The inverse care law: clinical primary care encounters in deprived and affluent areas of Scotland

Stewart W Mercer et al. Ann Fam Med. 2007 Nov-Dec.

Abstract

Purpose: The inverse care law states that the availability of good medical care tends to vary inversely with the need for it in the population served, but there is little research on how the inverse care law actually operates.

Methods: A questionnaire study was carried out on 3,044 National Health Service (NHS) patients attending 26 general practitioners (GPs); 16 in poor areas (most deprived) and 10 in affluent areas (least deprived) in the west of Scotland. Data were collected on demographic and socioeconomic factors, health variables, and a range of factors relating to quality of care.
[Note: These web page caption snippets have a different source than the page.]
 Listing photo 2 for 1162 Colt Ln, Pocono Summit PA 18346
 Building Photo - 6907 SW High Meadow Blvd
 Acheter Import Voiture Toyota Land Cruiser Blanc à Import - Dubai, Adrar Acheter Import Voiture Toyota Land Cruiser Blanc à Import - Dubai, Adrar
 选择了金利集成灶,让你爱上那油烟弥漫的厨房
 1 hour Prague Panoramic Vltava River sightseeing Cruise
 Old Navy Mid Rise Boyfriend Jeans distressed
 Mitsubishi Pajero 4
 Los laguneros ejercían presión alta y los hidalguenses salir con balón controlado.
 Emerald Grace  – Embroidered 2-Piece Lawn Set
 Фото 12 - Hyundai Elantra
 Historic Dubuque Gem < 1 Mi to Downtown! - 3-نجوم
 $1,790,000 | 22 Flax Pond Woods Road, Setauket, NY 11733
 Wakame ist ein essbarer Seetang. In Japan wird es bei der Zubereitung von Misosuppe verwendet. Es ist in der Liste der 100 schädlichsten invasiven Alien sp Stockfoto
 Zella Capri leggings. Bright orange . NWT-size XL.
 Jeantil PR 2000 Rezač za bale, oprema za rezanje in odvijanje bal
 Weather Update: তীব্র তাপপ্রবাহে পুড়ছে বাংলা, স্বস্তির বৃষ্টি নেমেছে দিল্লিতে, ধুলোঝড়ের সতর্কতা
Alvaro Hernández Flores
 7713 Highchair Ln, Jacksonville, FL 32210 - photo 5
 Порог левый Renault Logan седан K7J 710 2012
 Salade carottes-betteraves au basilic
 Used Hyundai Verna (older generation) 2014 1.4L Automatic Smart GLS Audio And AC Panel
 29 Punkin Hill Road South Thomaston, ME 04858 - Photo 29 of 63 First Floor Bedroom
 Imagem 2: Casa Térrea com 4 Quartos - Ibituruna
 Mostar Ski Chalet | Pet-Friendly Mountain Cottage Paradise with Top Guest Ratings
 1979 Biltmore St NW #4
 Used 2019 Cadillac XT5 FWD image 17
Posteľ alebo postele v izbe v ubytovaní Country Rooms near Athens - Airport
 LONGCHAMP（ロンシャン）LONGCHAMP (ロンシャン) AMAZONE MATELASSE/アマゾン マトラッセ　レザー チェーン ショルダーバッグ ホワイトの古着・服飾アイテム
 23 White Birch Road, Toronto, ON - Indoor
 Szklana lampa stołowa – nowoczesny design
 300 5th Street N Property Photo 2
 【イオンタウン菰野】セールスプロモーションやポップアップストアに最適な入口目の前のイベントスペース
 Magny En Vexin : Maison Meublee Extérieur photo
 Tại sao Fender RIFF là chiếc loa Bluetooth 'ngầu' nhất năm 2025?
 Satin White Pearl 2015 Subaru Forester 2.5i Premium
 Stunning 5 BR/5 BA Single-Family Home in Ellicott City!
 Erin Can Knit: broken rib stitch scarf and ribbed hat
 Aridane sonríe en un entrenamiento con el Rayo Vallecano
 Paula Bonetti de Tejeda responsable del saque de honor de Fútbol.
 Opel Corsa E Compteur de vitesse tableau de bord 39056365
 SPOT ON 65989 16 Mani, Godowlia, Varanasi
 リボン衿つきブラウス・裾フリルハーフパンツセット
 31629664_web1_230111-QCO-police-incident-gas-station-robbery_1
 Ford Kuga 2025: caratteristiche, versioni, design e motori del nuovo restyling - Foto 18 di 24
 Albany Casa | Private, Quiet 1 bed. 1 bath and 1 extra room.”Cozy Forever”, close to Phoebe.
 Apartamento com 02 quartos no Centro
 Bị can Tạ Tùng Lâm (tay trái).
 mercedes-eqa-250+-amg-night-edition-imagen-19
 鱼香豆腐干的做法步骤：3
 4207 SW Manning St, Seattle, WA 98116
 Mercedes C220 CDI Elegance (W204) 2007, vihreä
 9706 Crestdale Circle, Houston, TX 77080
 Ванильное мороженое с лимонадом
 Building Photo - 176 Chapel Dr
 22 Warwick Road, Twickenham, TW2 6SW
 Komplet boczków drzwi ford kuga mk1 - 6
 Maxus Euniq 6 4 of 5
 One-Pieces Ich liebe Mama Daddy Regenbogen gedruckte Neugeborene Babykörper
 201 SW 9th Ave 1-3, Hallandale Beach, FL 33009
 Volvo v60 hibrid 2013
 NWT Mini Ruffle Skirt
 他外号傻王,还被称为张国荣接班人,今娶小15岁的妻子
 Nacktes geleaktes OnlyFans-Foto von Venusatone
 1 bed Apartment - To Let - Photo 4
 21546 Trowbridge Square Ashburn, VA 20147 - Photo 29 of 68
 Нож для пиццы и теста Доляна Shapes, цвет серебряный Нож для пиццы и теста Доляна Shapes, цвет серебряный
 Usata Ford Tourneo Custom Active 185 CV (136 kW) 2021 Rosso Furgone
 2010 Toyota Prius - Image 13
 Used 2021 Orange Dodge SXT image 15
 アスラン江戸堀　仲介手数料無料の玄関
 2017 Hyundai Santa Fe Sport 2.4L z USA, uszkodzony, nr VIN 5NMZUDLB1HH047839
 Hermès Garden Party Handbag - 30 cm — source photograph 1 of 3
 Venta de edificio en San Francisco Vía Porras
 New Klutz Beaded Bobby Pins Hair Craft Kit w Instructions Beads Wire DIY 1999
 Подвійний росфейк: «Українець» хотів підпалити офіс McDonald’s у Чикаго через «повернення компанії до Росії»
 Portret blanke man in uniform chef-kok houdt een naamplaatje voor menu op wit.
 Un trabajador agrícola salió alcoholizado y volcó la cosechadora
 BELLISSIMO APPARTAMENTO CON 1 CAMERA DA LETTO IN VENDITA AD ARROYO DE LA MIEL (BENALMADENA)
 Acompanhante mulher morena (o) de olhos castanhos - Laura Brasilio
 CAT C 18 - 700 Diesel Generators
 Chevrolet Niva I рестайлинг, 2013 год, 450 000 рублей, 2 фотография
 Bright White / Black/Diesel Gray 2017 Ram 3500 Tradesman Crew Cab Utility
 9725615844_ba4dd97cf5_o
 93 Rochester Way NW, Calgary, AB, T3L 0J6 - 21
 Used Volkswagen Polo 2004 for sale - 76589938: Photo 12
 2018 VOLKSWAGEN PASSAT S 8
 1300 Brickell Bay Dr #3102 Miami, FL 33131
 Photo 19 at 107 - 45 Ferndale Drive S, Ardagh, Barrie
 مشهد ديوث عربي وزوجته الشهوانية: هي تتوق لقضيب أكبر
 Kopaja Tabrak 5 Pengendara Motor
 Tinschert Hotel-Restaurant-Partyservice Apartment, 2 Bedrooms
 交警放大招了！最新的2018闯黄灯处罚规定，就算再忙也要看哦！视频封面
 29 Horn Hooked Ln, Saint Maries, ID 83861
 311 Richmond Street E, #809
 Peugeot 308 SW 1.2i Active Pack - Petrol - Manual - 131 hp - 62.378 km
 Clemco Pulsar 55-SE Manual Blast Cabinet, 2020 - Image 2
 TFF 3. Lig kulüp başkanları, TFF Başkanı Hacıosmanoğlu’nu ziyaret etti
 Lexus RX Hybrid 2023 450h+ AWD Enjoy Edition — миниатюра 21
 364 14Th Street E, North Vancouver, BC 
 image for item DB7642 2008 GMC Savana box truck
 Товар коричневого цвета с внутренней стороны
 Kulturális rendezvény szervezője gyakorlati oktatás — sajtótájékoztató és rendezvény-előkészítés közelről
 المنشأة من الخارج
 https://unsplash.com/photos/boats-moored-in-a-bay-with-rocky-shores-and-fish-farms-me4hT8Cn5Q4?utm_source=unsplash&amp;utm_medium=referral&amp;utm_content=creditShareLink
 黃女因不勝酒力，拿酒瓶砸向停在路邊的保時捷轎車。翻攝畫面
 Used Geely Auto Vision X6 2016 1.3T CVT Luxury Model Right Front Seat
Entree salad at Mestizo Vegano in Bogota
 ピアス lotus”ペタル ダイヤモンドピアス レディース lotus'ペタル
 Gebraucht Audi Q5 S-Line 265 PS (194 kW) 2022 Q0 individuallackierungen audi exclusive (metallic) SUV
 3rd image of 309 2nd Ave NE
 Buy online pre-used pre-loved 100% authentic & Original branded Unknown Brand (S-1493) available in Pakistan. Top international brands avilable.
Results: Compared with patients in least deprived areas, patients in the most deprived areas had a greater number of psychological problems, more long-term illness, more multimorbidity, and more chronic health problems. Access to care generally took longer, and satisfaction with access was significantly lower in the most deprived areas. Patients in the most deprived areas had more problems to discuss (especially psychosocial), yet clinical encounter length was generally shorter. GP stress was higher and patient enablement was lower in encounters dealing with psychosocial problems in the most deprived areas. Variation in patient enablement between GPs was related to both GP empathy and severity of deprivation.

Conclusions: The increased burden of ill health and multimorbidity in poor communities results in high demands on clinical encounters in primary care. Poorer access, less time, higher GP stress, and lower patient enablement are some of the ways that the inverse care law continues to operate within the NHS and confounds attempts to narrow health inequalities.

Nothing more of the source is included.